Clarification on the Retrieval Process in WebShop Experiment #6

Open wenyaxie023 opened 1 month ago

wenyaxie023 commented 1 month ago

Dear authors,

I have a question regarding the WebShop experiment described in your paper. The paper states, "The Retriever extracts three experiences and five actions from before and after the most similar action." However, I'm having difficulty understanding how these "3 experiences" and "5 actions" are reflected in the code.

From what I see in the open-source code, the init_prompt seems to be composed only of the relevant actions, without any connection to experiences. Also, considering the analogy_len=10 setting in basic_config.yaml, the number of actions included in the init_prompt often doesn't match the five mentioned in the paper.

Could you please clarify this? Any insights would be greatly appreciated.

Thank you for your assistance.

PrincetonThong commented 4 weeks ago

Hi @wenyaxie023, Thanks for showing interest in our work!

  1. Experiences The top k experiences are first retrieved based on L387 and L407 before adding onto init_prompt.
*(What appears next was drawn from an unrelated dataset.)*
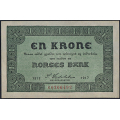 -4- 1 krone 1917 C, kv. 0/01 - Eks. Numisma Mynthandel. Nr. C0206492. Sign. Sven Michael Cederholm. / Numisma Mynthandel A/S: kr.  108,-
Here, the config is set as k=3, so the top 3 experiences are retrieved from memory.

  2. Actions For each memory instance, the saved JSON "Actions" (which is the trajectory) include both the actions performed by the agent, and the observation returned by the webpage. For 5 actions, we need analogy_len = 5*2 = 10 to account for the interleaving of agent-actions and webpage-observations.